Söyleşi festivallerde ara sıra yapılan bir şeydir, biz her oyundan sonra yapıyoruz. Sanılıyor ki biraz entelektüel bir oyun, seyirci oyunu anlamadı da Okan ardından anlatıyor. Hayır öyle değil. Böyle zor bir puzzle’ı seyirciye çözdürmeye çalıştıktan, entelektüel bir oyunu birkaç bin kişilik salonlarda kitleselleştirdikten sonra en azından seyircimize böyle bir borcumuz var. Bütün oyuncular sıraya diziliyoruz, oyunun süresi kadar, bazen daha da fazla söyleşiyoruz. Bazen bizim aklımıza bile gelmeyen, hayal bile etmediğimiz fikirler, yorumlar geliyor. Bundan da çok mutluyum. Her seferinde diyorum, İstanbul’daki tiyatro seyircisi çok entelektüel.

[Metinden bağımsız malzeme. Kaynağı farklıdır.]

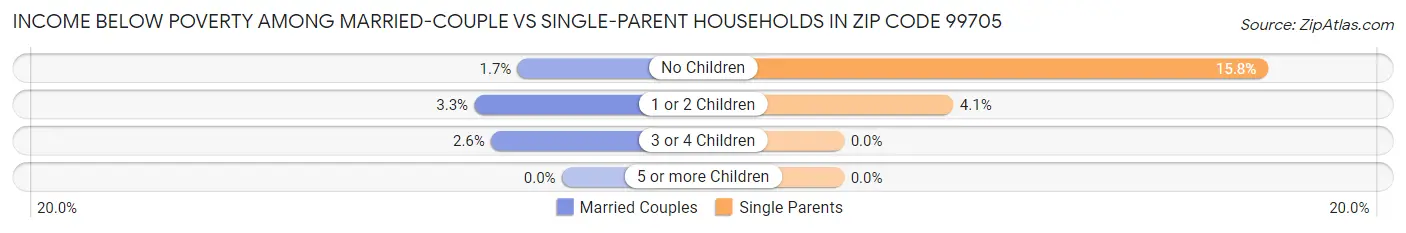 Income Below Poverty Among Married-Couple vs Single-Parent Households in Zip Code 99705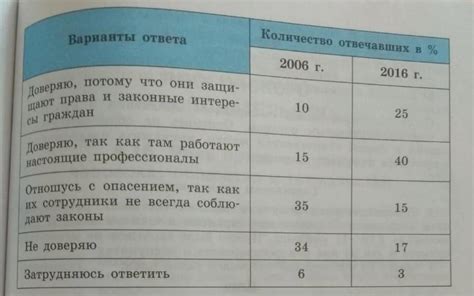 Изменения в отношении к предшественнику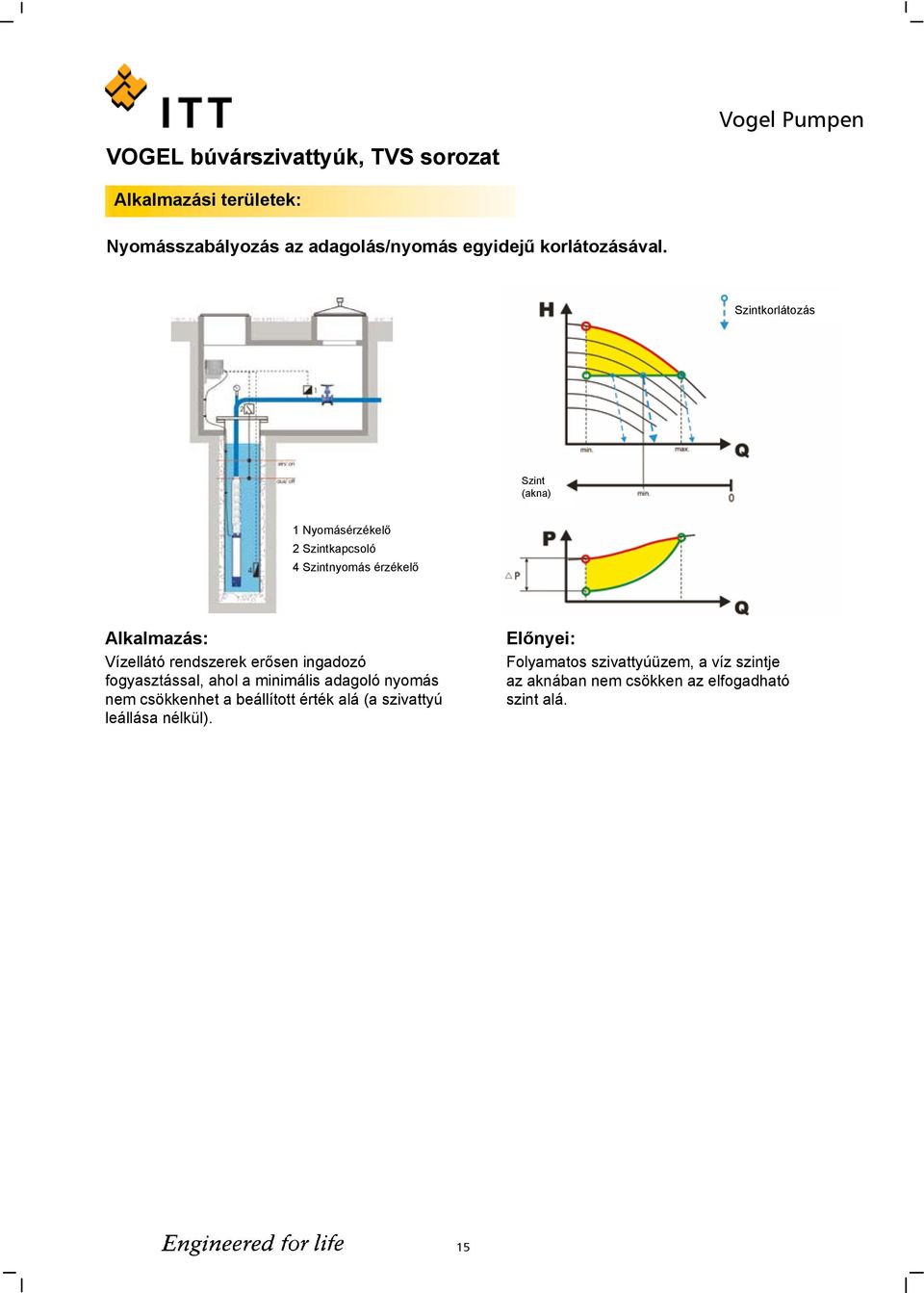 Szintkorlátozás Szint (akna) 1 Nyomásérzékelő 2 Szintkapcsoló 4 Szintnyomás érzékelő Alkalmazás: Vízellátó rendszerek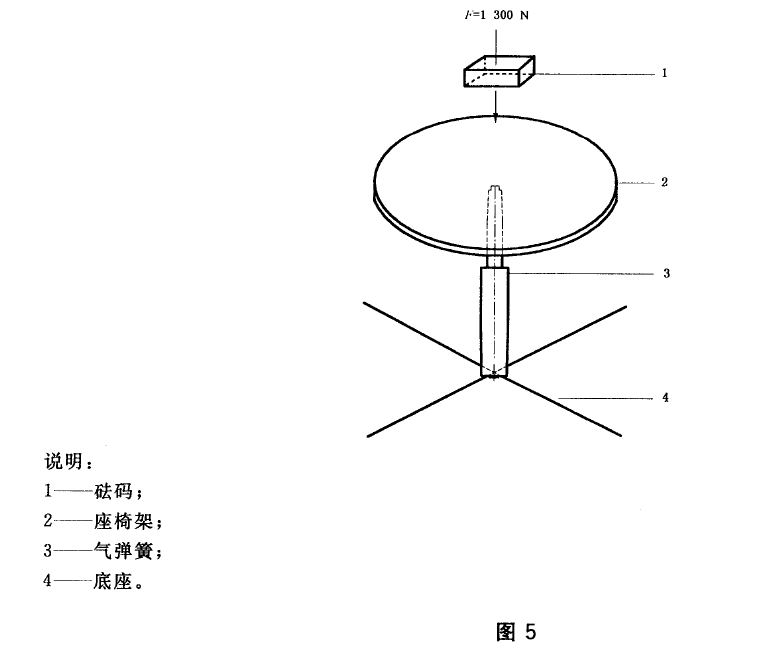升降气弹簧如何做抗压强度测试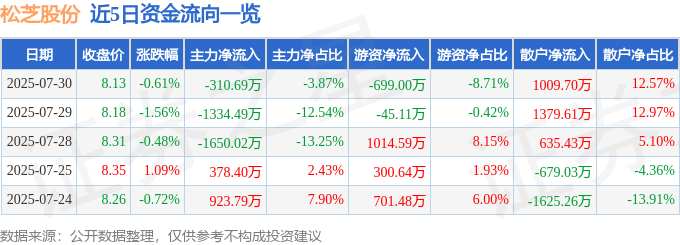 股票行情快报:松芝股份(002454)7月30日主力资金净卖出310.69万元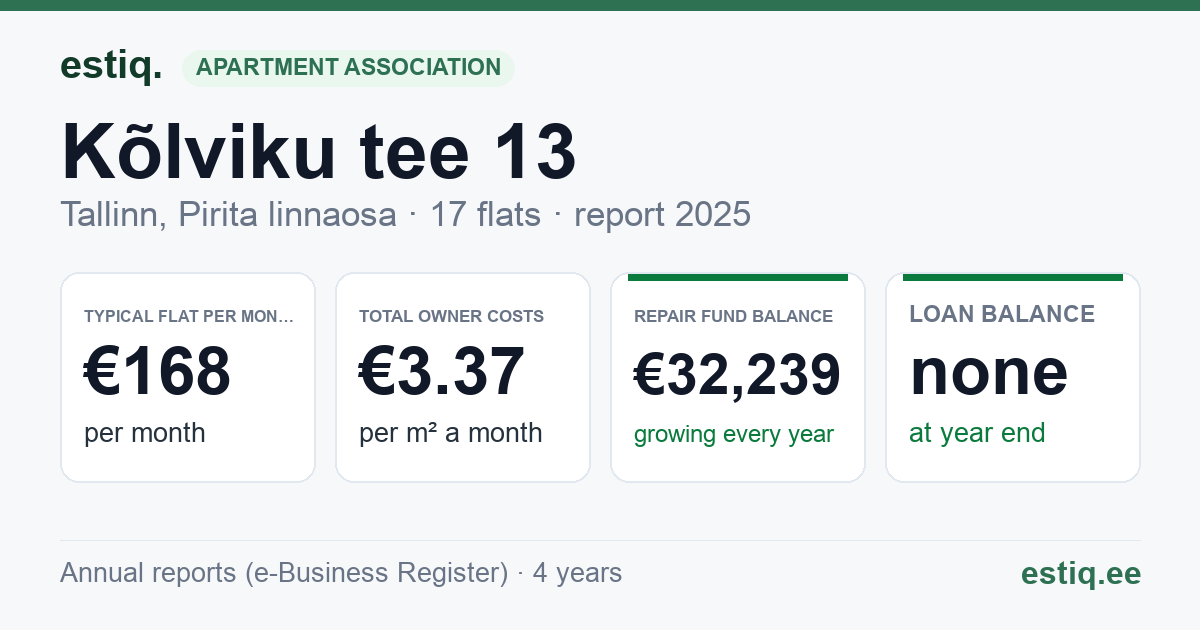 Tallinn, Kõlviku tee 13 korteriühistu: key figures 2025 — typical flat €168 a month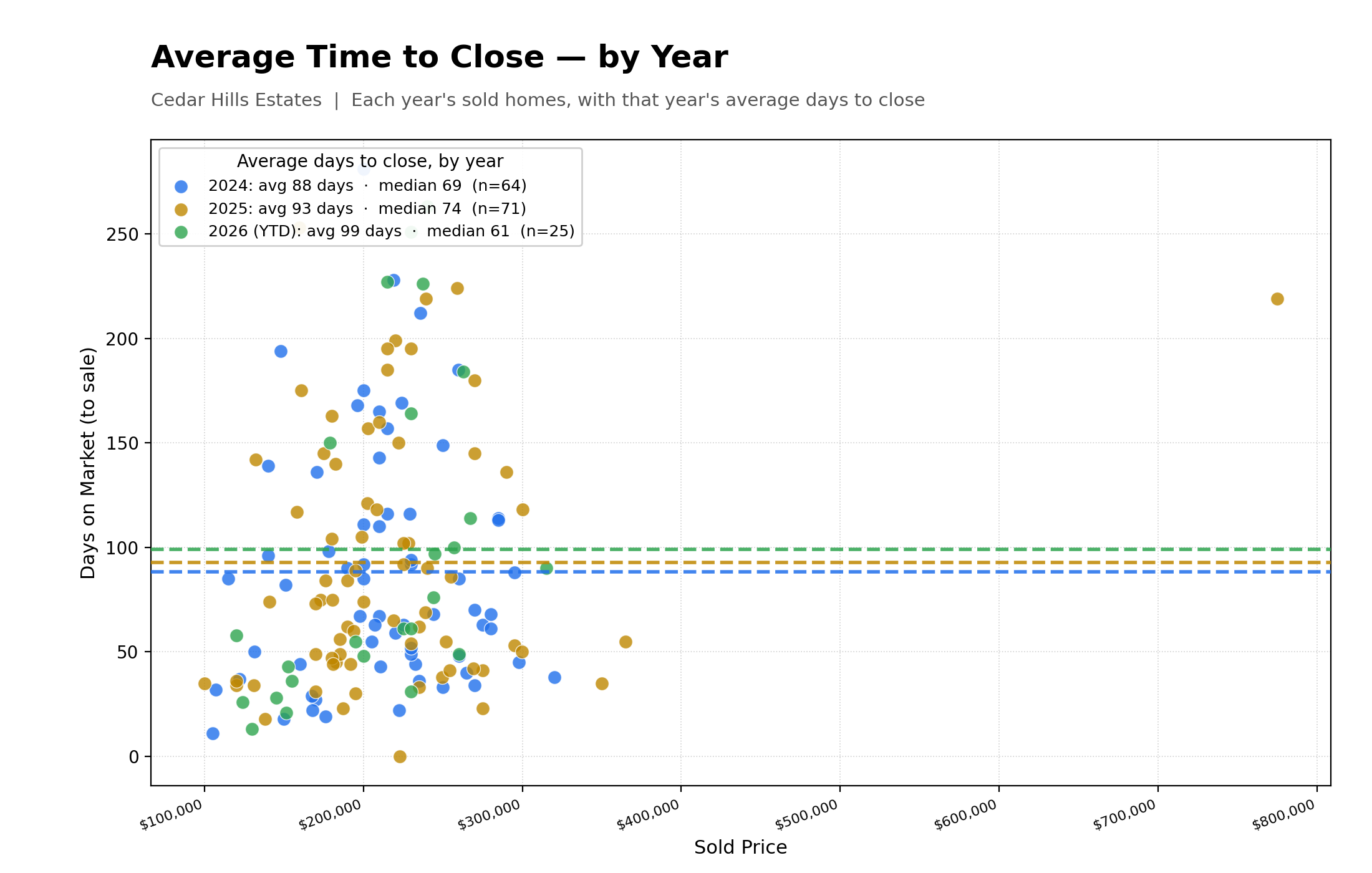 Average Time To Close Properties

Sen tiyatroya gidiyor musun?

Gidiyorum. Uzun süre medyada tiyatrodan gayrı bir hayat sürünce, eskiden böyle dertleri olan bir çocuk olarak geç yaşımda tiyatroya d.ndüm. E şimdi “Herkes bana gelsin” olmaz ve ben de merak ediyorum arkadaşlarım ne yapmış diye. Yalnız o arada tiyatrocular fazlaca birbirleriyle evlenmişler, boşanmışlar ve dövüşmüşler, o yüzden eski arkadaşlara bakıyorum herkes birbiriyle kavgalı. Ben böyle kasabaya yeni gelmiş çocuk gibi herkesle arkadaşım.